Captioned web images:
----------
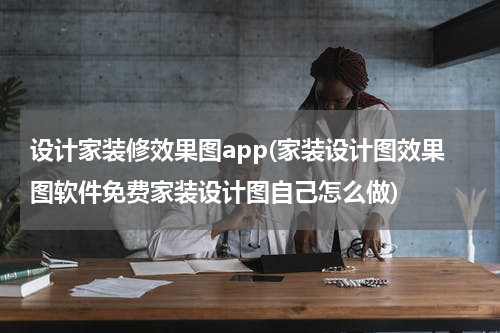 设计家装修效果图app(家装设计图效果图软件免费家装设计图自己怎么做)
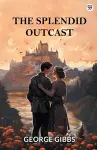 The Splendid Outcast (Edition1) cover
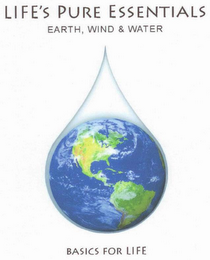 LIFE'S PURE ESSENTIALS EARTH, WIND & WATER BASICS FOR LIFE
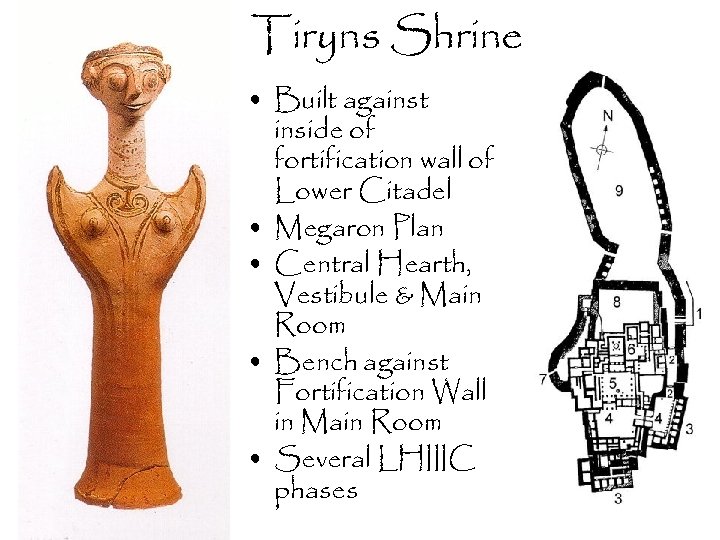 Tiryns Shrine • Built against inside of fortification wall of Lower Citadel • Megaron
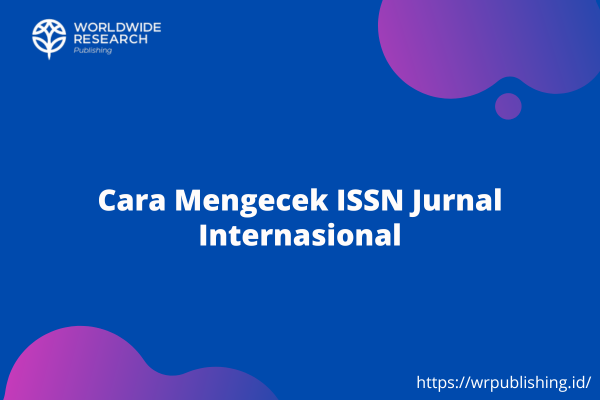 Cara Mengecek ISSN Jurnal Internasional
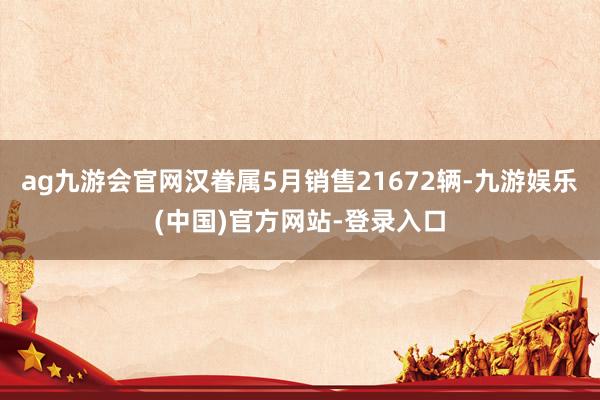 ag九游会官网汉眷属5月销售21672辆-九游娱乐(中国)官方网站-登录入口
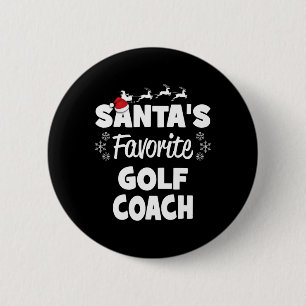 Santa's Favourite Golf Coach Fun Christmas Matchin 6 Cm Round Badge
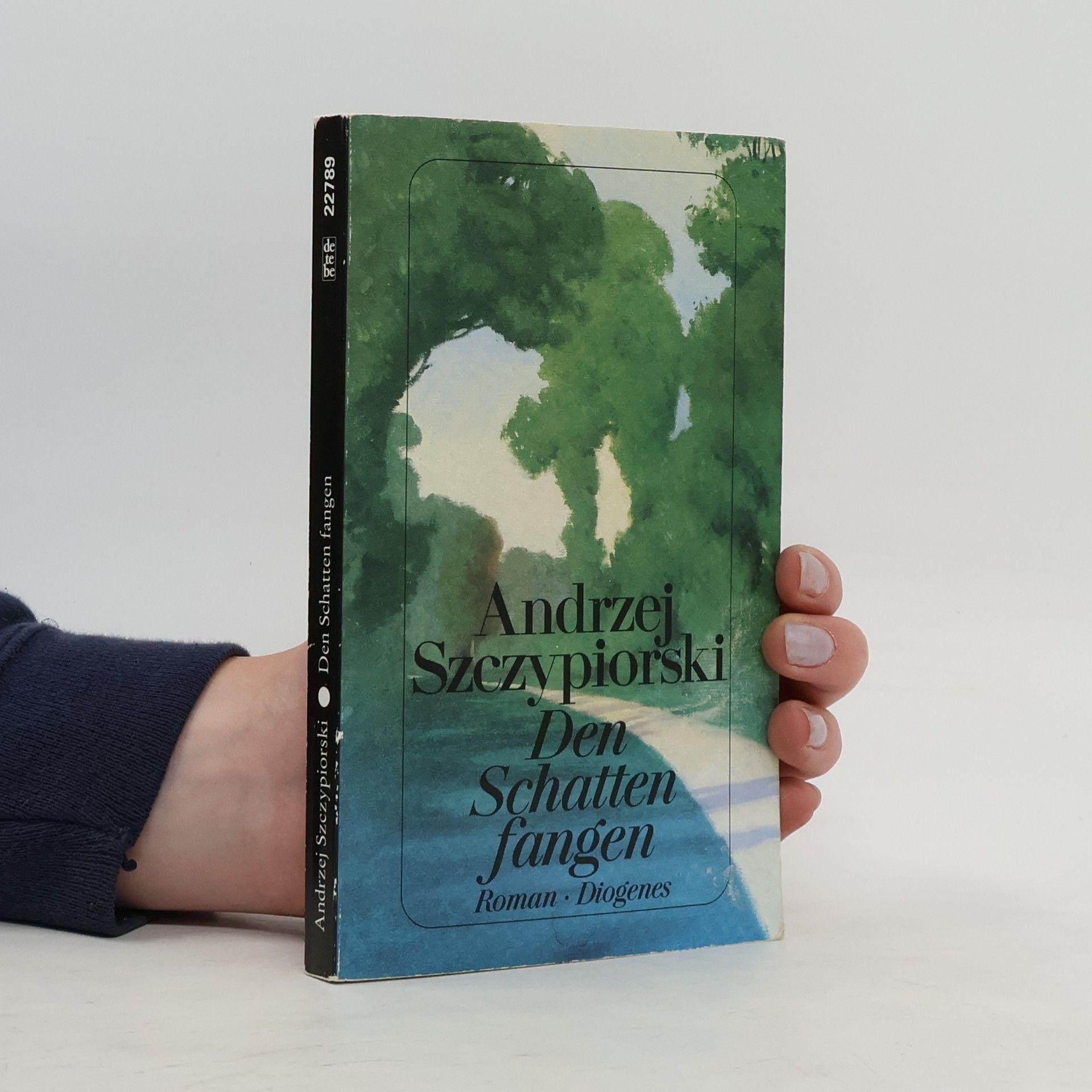 Andrzej Szczypiorski Den Schatten fangen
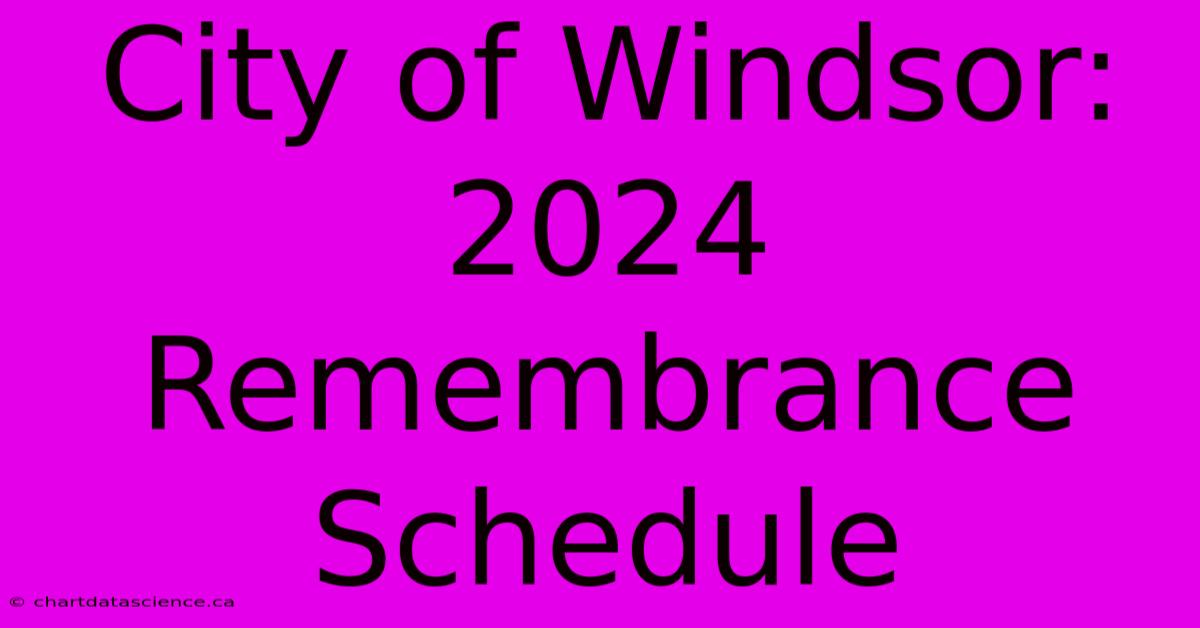 City Of Windsor: 2024 Remembrance Schedule 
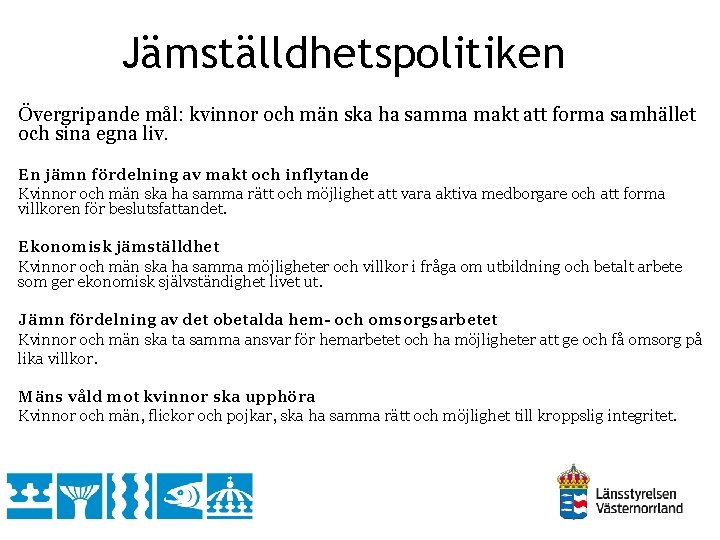 Jämställdhetspolitiken Övergripande mål: kvinnor och män ska ha samma makt att forma samhället och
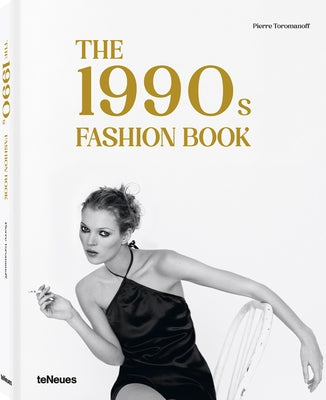 The 1990s Fashion Book by Toromanoff, Agata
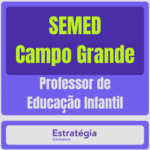 SEMED-Campo-Grande-Professor-de-Educacao-Infantil.png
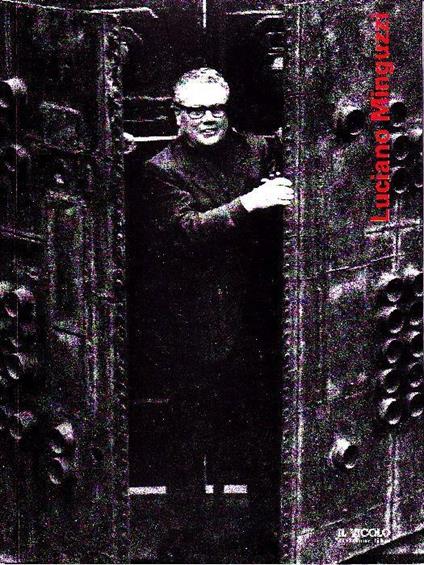 Luciano Minguzzi. Sinestesie & Coscienza - Minguzzi - copertina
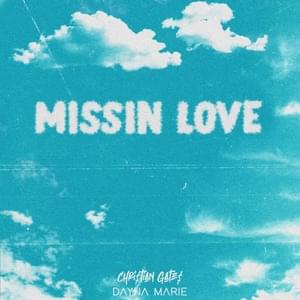 Missin’ Love - Chri$tian Gate$ (Ft. Dayna Marie)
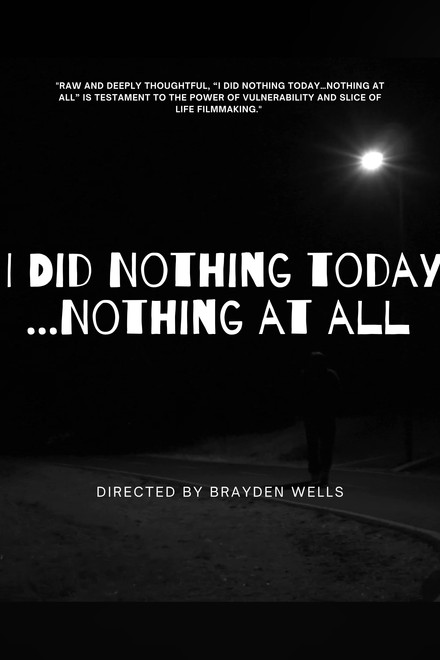 I Did Nothing Today...Nothing at All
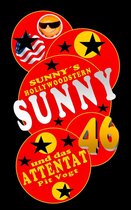 Sunny's Hollywoodstern 46 - Sunny und das Attentat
----------
Write the lines from the one with "I Did Nothing Today...Nothing at All" through the last line of the entries out again exactly, both ends included, and skip the pictures.

*Solution below*.
 I Did Nothing Today...Nothing at All
 Sunny's Hollywoodstern 46 - Sunny und das Attentat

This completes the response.